元騎手という視点から最新競馬ニュースを大胆解説。愛する競馬を良くするために、時には厳しく物申させていただきます。週末重賞の見所と注目馬もピックアップ!
川田騎手でなければ……
2023/10/4(水)
皆様、こんにちは!つい先日、息子がコアップガラナが売っていたと買ってきてくれました。久しぶりに飲むガラナは美味しかったですよ。皆様には馴染みのない名前だと思いますが、北海道で売っているコーラに近い飲み物で、昔は瓶を箱で買っていたこともありました。なかなか北海道に行くことがないため、最近では飲んでいなかったのですが、久しぶりの一杯は本当に美味しかったです。ちなみに騎手からのリクエストでガラナを置いてある競馬場もあるんですよ。色々な種類があるのですが、コアップの瓶ガラナは絶品ですので、是非お試しください。
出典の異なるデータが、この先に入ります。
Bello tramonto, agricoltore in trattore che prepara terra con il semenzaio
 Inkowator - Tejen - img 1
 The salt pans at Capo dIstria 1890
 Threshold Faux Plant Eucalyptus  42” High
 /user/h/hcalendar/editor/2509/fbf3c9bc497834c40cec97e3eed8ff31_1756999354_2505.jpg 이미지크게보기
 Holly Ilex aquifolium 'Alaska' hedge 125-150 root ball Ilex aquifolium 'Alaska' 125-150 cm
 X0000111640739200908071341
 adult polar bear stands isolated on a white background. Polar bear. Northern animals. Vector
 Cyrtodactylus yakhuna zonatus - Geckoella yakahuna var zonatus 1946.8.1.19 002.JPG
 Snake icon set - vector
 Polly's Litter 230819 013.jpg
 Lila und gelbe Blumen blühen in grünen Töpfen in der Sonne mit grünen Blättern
日曜のフランスでは凱旋門賞が行われ、日本でもお馴染みのクリスチャンが騎乗したエースインパクトが圧巻の走りで無敗の勝利を挙げました。海外だと強い間に引退をすることが主流ですので次走は未定ですが、それこそイクイノックスとの対戦を見てみたいなと心躍る走りでした。
日本からはスルーセブンシーズが挑戦し、4着という結果になりました。戦前エースインパクト以外には勝てるのではないかと思っていました。馬場も例年よりは軽くなったこともありますし、どういった馬場でも走れる同馬にはチャンスがあると思っていたからです。次走は日本での走りとなると思いますが、次も非常に楽しみに感じるレースでした。しかし、扱いが難しそうタイプだけにルメールの確保は大きなファクターになると思います。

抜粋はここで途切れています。